Joel performed “Turn the Lights Back On” at the 2024 Grammys. According to People Magazine, it was his first original song in 17 years, but most of us haven’t heard anything new from Joel in decades. Meanwhile, he has remained active as a performer, with a record-breaking residency at Madison Square Garden, where he will complete his 150th show this summer. Joel did have cowriters on this track who helped him channel his creativity.
In the chorus of “Turn the Lights Back On,” Joel repeats the phrase, “I’m late, but I’m here right now.” On one hand, this describes the theme of the song, a lover perhaps trying to reconnect with an ex. On a meta level, it’s Billy Joel saying to his audience, “I’m late, but here I am with a new song.” It’s a reference to his absence in songwriting. Now he’s had some live concerts so he hasn’t been totally absent, but what’s important about “Turn the Lights Back On” is that it’s new music from Billy Joel, and it is worthy of his earlier body of work. When Billy Joel sings, “Did I wait too long?” the answer from his fans has to be, “No, it’s all good. Thanks for the new song.”

Ultimately the song is about a relationship in which the speaker feels that he has been not only tardy, but there has been something amiss in his comportment towards his former lover. Now, however, he knows better. He uses the metaphor of turning the lights back on as a metaphor for this self-realization about his feelings for this woman.

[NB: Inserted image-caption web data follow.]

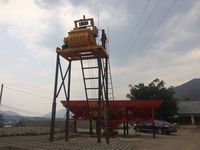 Hongxing HZS35 PLC Kontrollü Beton Karıştırma Üretim Hattı Motoru 35m3/saat Kapasiteli Atık Silahı (Skip Hopper) Opsiyonel 2 Bölmeli/3 Bölmeli Agrega Haznesi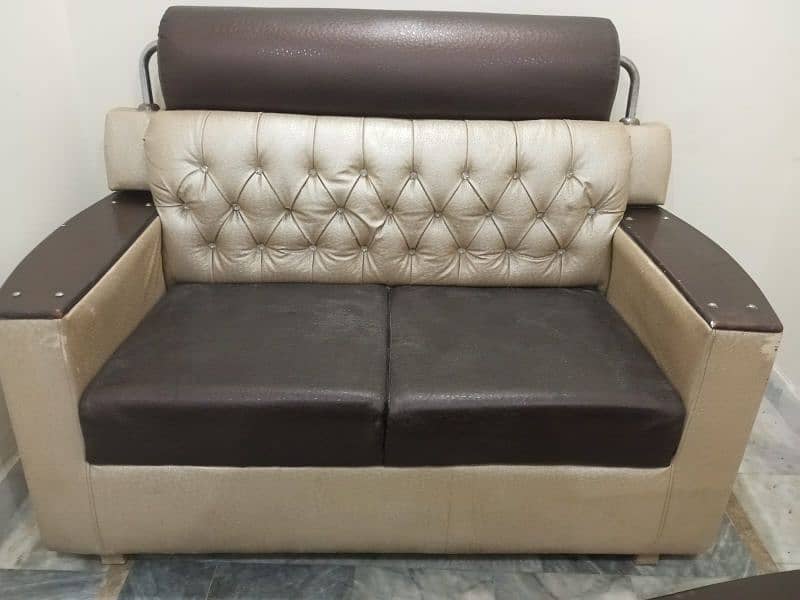 3-2-1 sofa set for urgent sale 5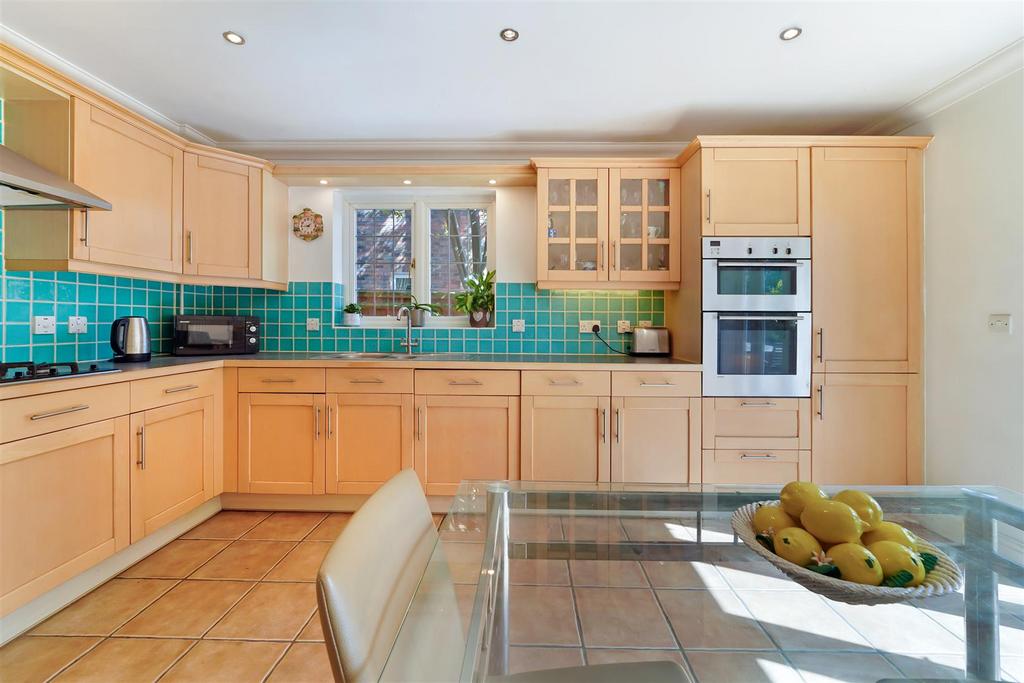 Walnut Grove, Banstead 5 bed detached house for sale £1,195,000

The song also notes the tenuous nature of love:
And maybe you love me, maybe you don't
Maybe you'll learn to and maybe you won't
This is something more realistic than we’re used to being depicted in pop songs.
What happened to Joel during the ‘90s and 2000s? My simple explanation is that as an artist, he lost his mojo. According to an interview with Vulture in 2018, Joel was disappointed when his album River of Dreams didn’t really have the kind of success he might have hoped for. So if there was no hit song and no big exposure, it wasn’t worth it for him in terms of all the work that goes into writing and recording the music. You can’t really argue with that. The man felt like the industry had passed him by; that’s my interpretation of how he felt at the time. But meanwhile, it’s not like his fans stopped liking his music.
There was a certain magic happening for him in the 70s and 80s for him, and that music we have. The video for “Turn the Lights Back On” is an AI retrospective of his career. My favorite Billy Joel is late eighties with the black leather jacket a la “We Didn’t Start the Fire.” Speaking of “We Didn’t Start the Fire,” imagine a pop song that references Catcher in the Rye and Hemingway. Would the pop-tarts of our day ever make such literary allusions? You see, that’s my point.
When I was an adolescent, Joel was very popular, but it wasn’t my cup of tea, not rebellious enough I suppose. But looking back, it’s clear that he was producing some of the finest music of the 80s and early 90s. Billy Joel has always been a classy guy, even when the style of rock and roll was hedonistic and nihilistic, he seemed more like a serious musician and a decent person.
The new song is an opportunity to reflect back on Joel’s body of work. So maybe Billy Joel’s music hearkens to a more innocent and indeed optimistic time. Since Joel left, not much filled the void in the music industry, at least in terms of the type of pop-rock music that could trace it roots back to the Beatles.